The impact was clear: the corporate army closed doors in South Africa, though it continued to operate elsewhere under different names. Buckingham continued to work in the oil industry, including in Africa. But others considered retiring. One of the South African founders of Executive Outcomes became a horsewhisperer, running a ranch in South Africa where he now offers tourists luxurious riding holidays. A few turned to writing up their adventures or preparing film scripts. Others fished for low-key intelligence work advising African governments.

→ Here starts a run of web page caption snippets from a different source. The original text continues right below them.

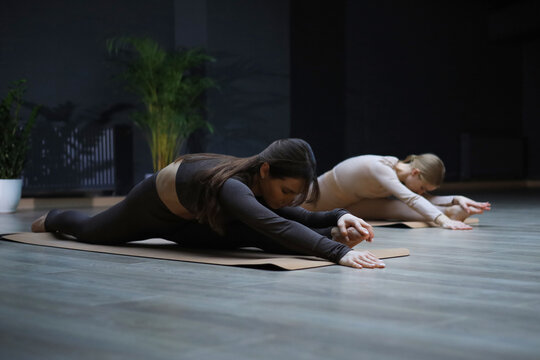 Two sportive women practicing doing split together in stretching studio. Group training, teamwork concept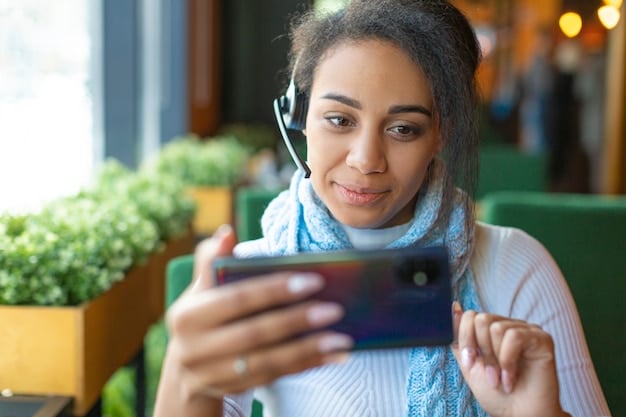 A person smiling while video chatting with a customer service representative on their smartphone. The background shows a modern office environment, emphasizing the professional and approachable nature of mobile customer support.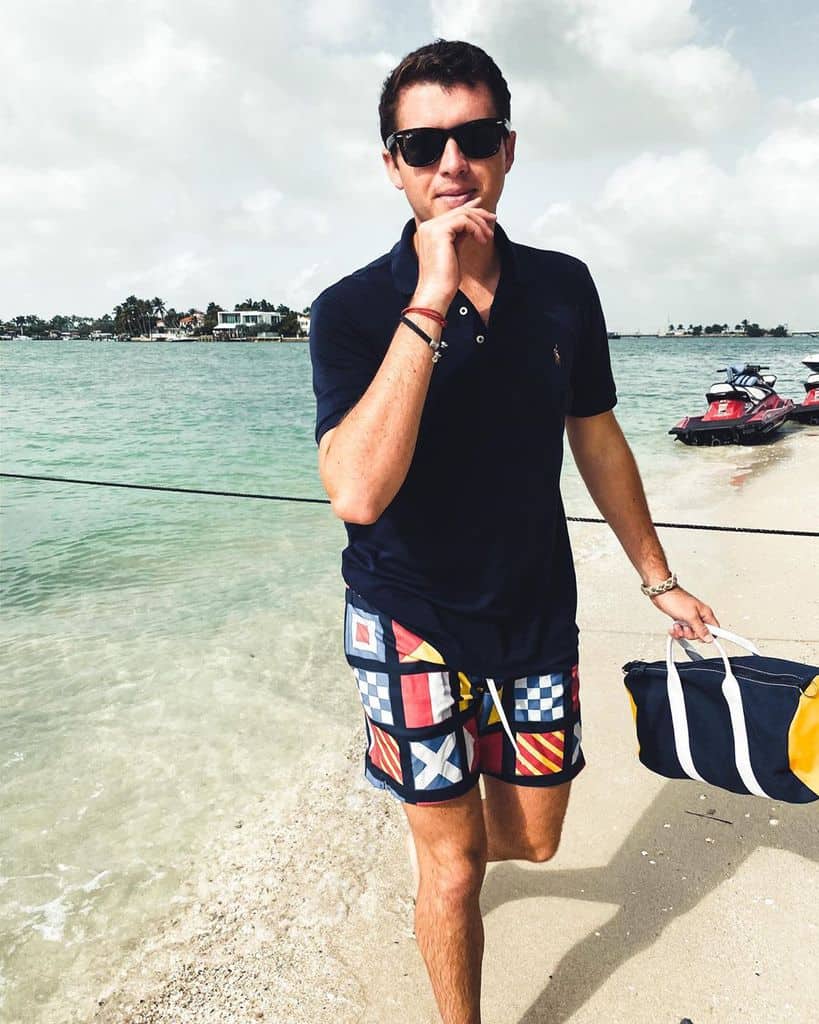 A Man On The Beach In Patterned Swim Trunks And A Classic Navy Blue Polo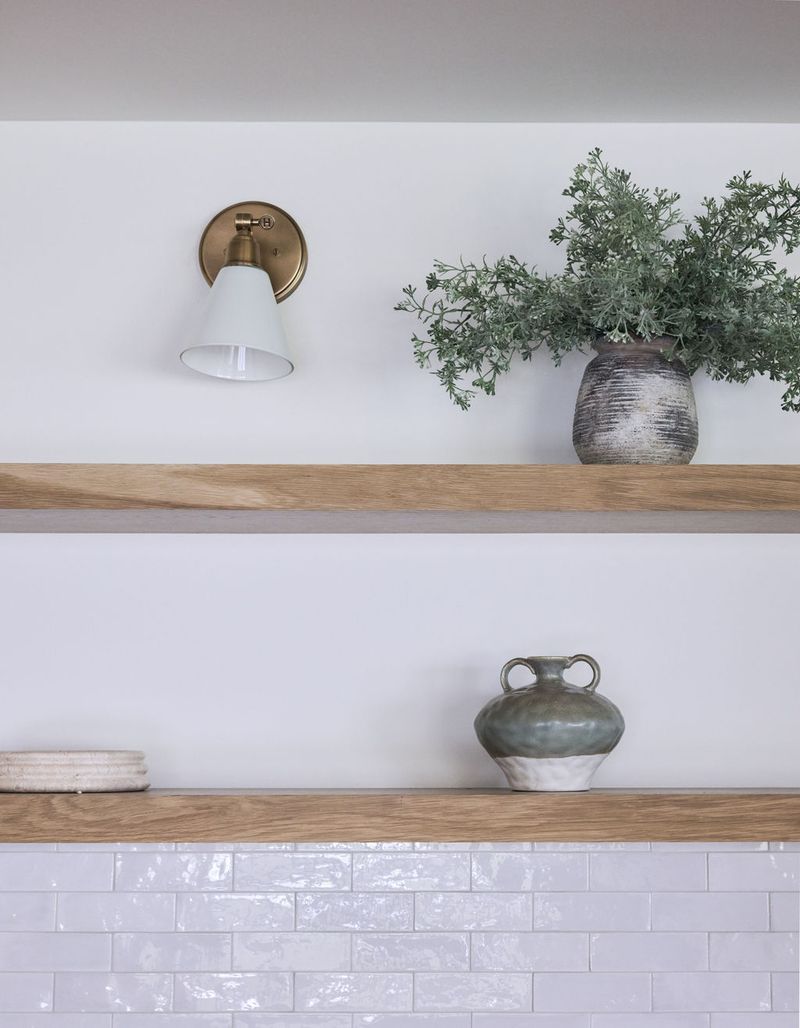 Two floating white oak shelves mounted on a white wall above white subway tile, styled with a textured ceramic vase holding greenery, a two-toned ceramic jug, and a woven dish, alongside a brass wall sconce.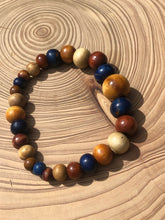 Load image into Gallery viewer, handmade beaded bracelet on elastic. Made out blue, brown and beige recycled beads.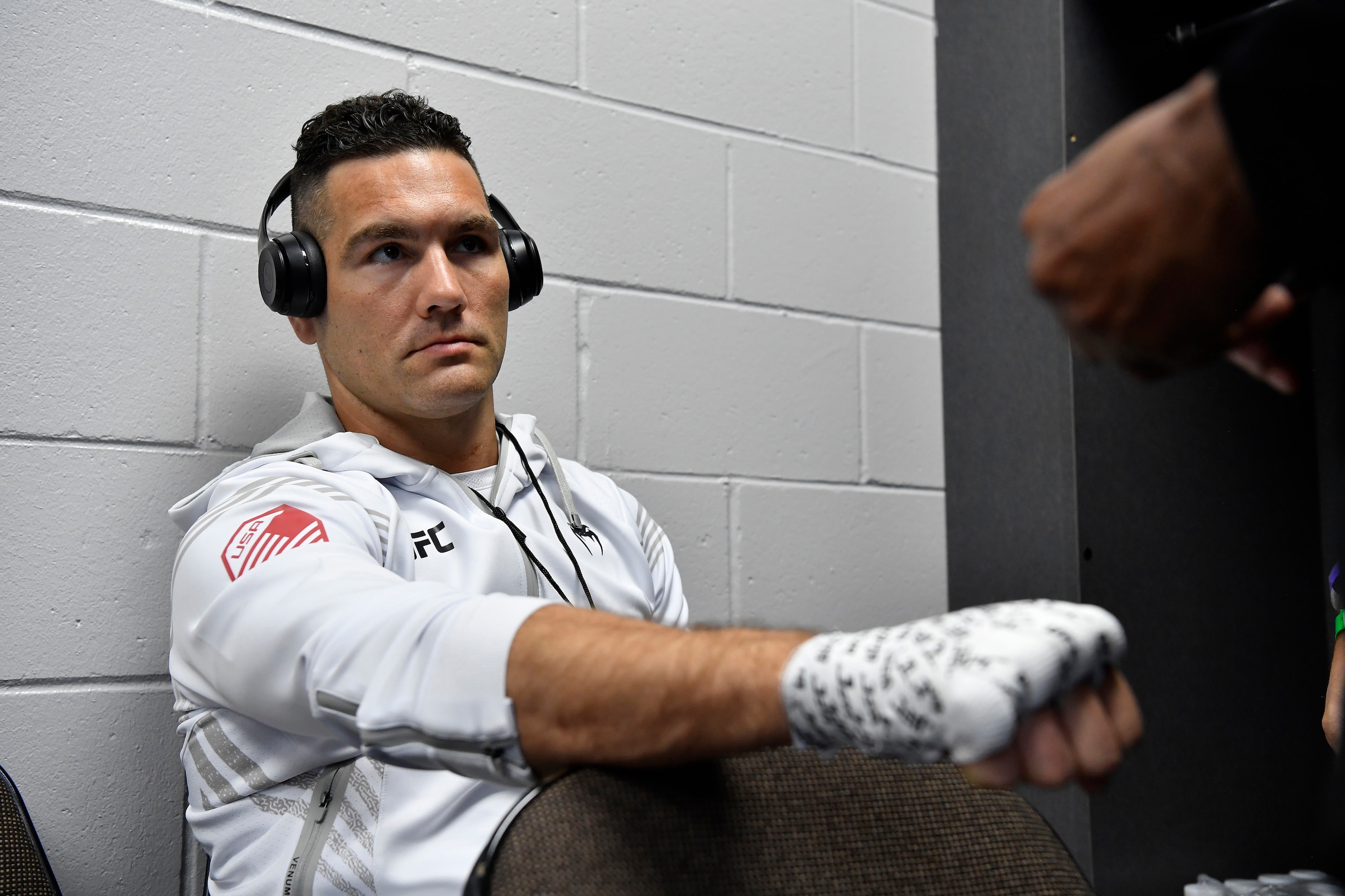 JACKSONVILLE, FLORIDA - APRIL 24: Chris Weidman gets his hands wrapped backstage during the UFC 261 event at VyStar Veterans Memorial Arena on April 24, 2021 in Jacksonville, Florida. (Photo by Mike Roach/Zuffa LLC)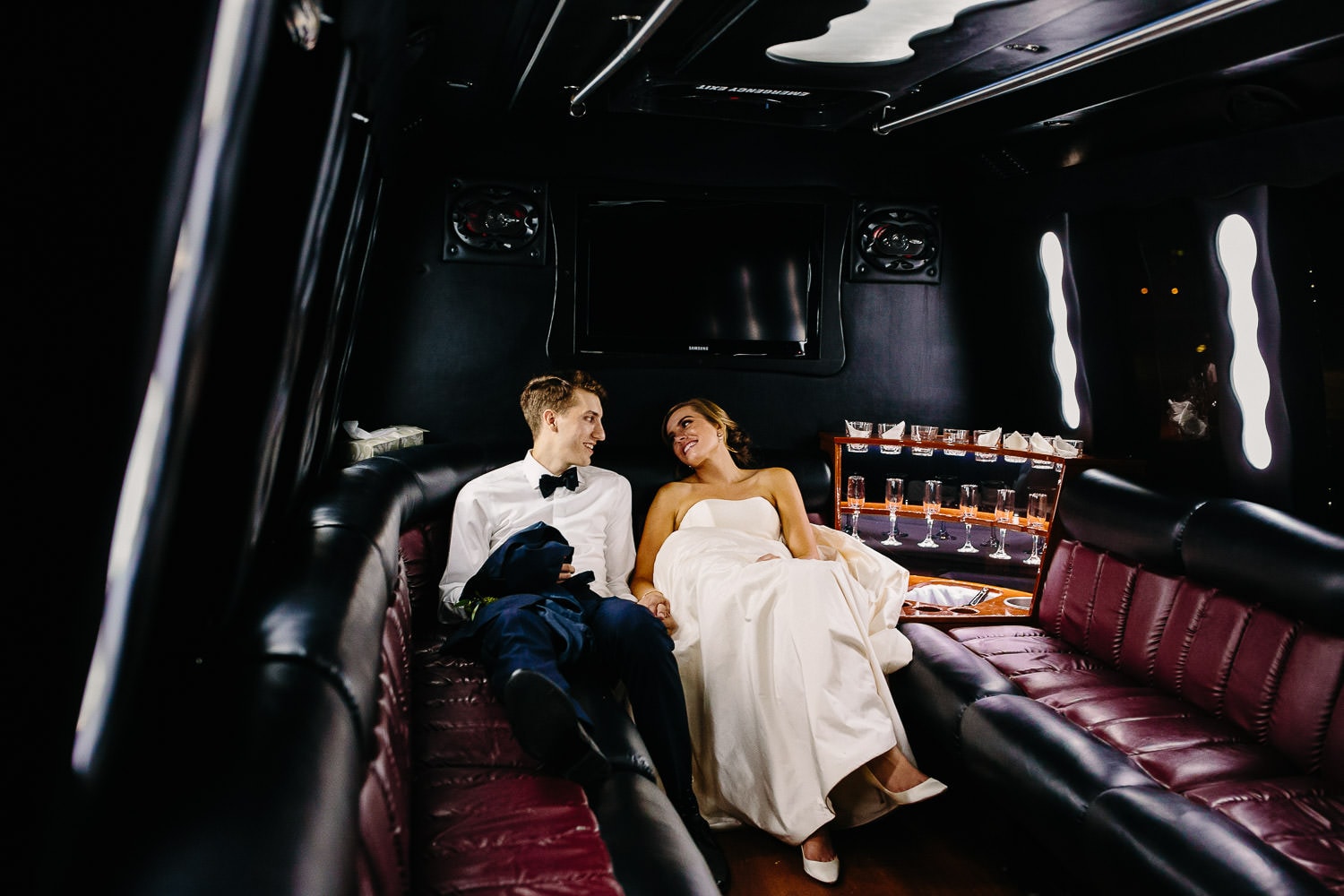 bride and groom in back of party bus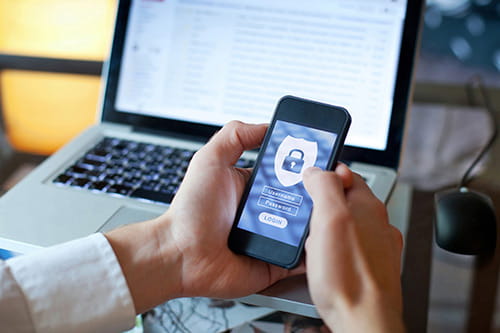 Man holding phone with cyber-security app for blog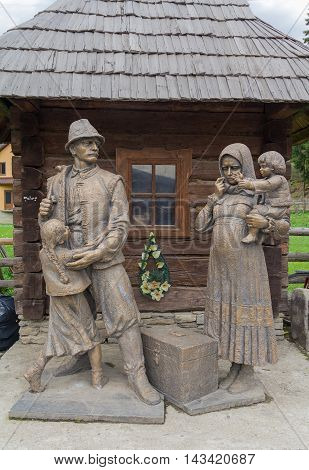 Kolochava Ukraine - April 18 2016: Monument to the villagers - migrant workers who died on earnings in other countries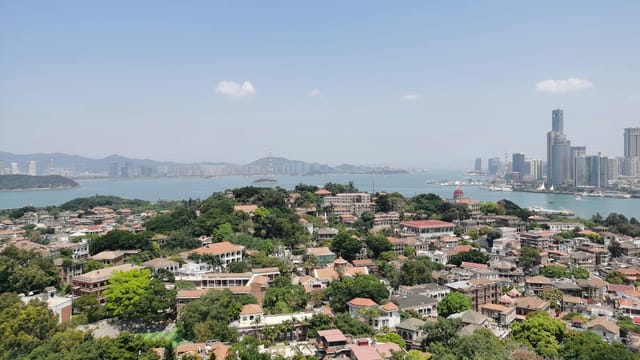 Scenic aerial view of Xiamen's coastal cityscape with clear skies and urban architecture.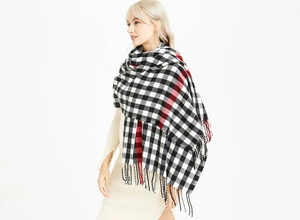 Close-up of soft cashmere-feel scarf with black and white plaid pattern and fringes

The black footsoldiers, the former Angolans of 32 Battalion, sought jobs where they could. Many took menial employment as security guards at supermarkets or in office buildings in South Africa. Others returned to a wretched military base, Pomfret, in the desert of north-west South Africa. It is a miserable spot: an abandoned asbestos-mining town at the end of a dry and rutted road, between a distant village called Terra Firma and an even more remote one called Eureka. Birds of prey sit on broken telephone poles, mongoose and duiker scurry over the roads. Many houses have smashed windows; their sandy gardens are strewn with rubbish.

Mann all but retired. He looked for smaller diversions. He and Buckingham – plus a third British businessman and friend, David Tremain – competed in a marathon car race from China to Europe, the Peking-to-Paris Rally. But after weeks of hard
driving, Mann and Buckingham grew sick of each other and went their separate ways. Mann had a young wife, Amanda, who enjoyed luxury. Mann already had three children from previous marriages and Amanda produced three more. There were many opportunities for safe, sensible and unglamorous investments: he considered putting money into light industrial units being built beside the harbour at Southampton, near his stately pile. He could have made a decent return, but ‘I've never seen anyone look so bored', recalls a friend. He was sick of his quiet life in southern England. So, in search of something new, Mann and his wife moved to a large rented house in a fashionable corner of Cape Town, South Africa.

Mann's father died in 2001 and the son was ageing, too, nearing fifty. He had a hip replaced. He dabbled with various investments, including gold mines in South America. A friend recalls that ‘Simon was always involved in several projects at once. There was a big one, Placer Gold, a mine in Guyana. Simon was very involved in that one.' He took whatever chances arose. In 2001 he agreed to play a role in a British film drama, a gritty reconstruction of Bloody Sunday, the day (30 January 1972) when British troops shot unarmed Catholic protesters in northern Ireland. Mann thought the shootings a ‘cock-up', and played the part in the film of Colonel Derek Wilford, the British commander. He said he hoped to help the Northern Ireland peace process and spoke to the press under a slightly altered name, as Frank Mann. The film's director, Paul Greengrass, called him thoughtful, courageous and ‘a humane man, but an adventurer. He is very English, a romantic, tremendously good company,' he suggested. It was a typical assessment.

Mann felt as drawn to the daredevil lives of Hoare and Denard as to the new breed of corporate warrior. He could
not settle to light industrial units or a sleepy retirement. The romantic side of his character wanted excitement, the thrill of adventure, the old fashioned hunt for treasure and fame. By 2003 he was hungry, looking for an opportunity where he could find action, and money, once more. He was looking for the Big Chance. That would come in a small country in west Africa with a longstanding reputation for violence and a more recent reputation for wealth.